(Caption-style text data)
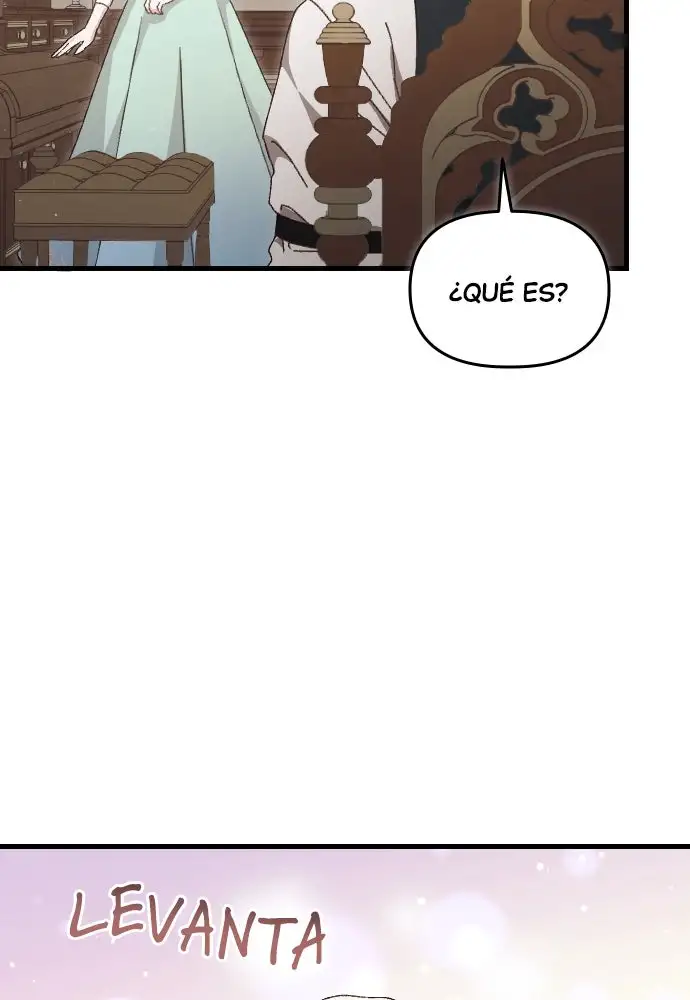 Para Los Que Me Traicionaron - Capítulo 20 - Página 39 - LectorTMOo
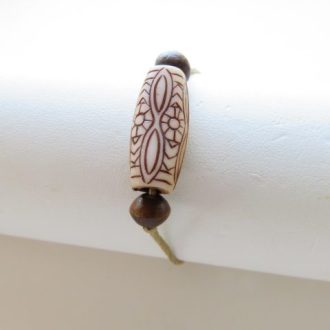 bracelet unisexe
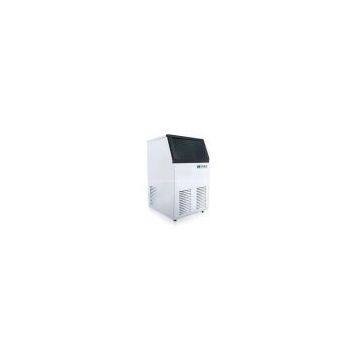 cube ice making machine/ice maker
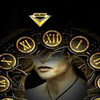 Avatar Aiolosly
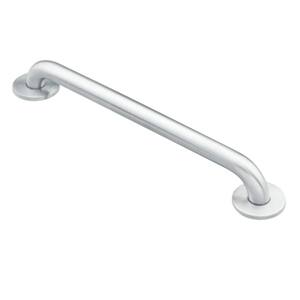 MOEN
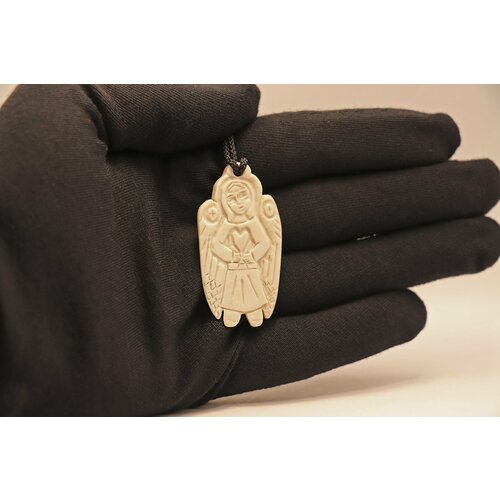 Подвеска МИСТОРИИ, белый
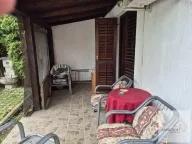 Prodaja, jednosoban stan, 50m², Ledine, Beograd - image 6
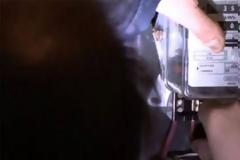 Αιτωλοακαρνανία: Τα τηλέφωνα «έκαψαν» τους ρευματοκλοπείς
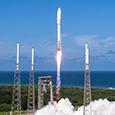 SpaceX напряглась? В США запустили прототипы интернет-спутников проекта Amazon Kuiper, который будет конкурировать со Starlink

**WHAT YOU WILL DO:** Output the lines above in full and exactly. Leave out every picture.

**OUTPUT FOR THIS EXERCISE:**
 Para Los Que Me Traicionaron - Capítulo 20 - Página 39 - LectorTMOo
 bracelet unisexe
 cube ice making machine/ice maker
 Avatar Aiolosly
 MOEN
 Подвеска МИСТОРИИ, белый
 Prodaja, jednosoban stan, 50m², Ledine, Beograd - image 6
 Αιτωλοακαρνανία: Τα τηλέφωνα «έκαψαν» τους ρευματοκλοπείς
 SpaceX напряглась? В США запустили прототипы интернет-спутников проекта Amazon Kuiper, который будет конкурировать со Starlink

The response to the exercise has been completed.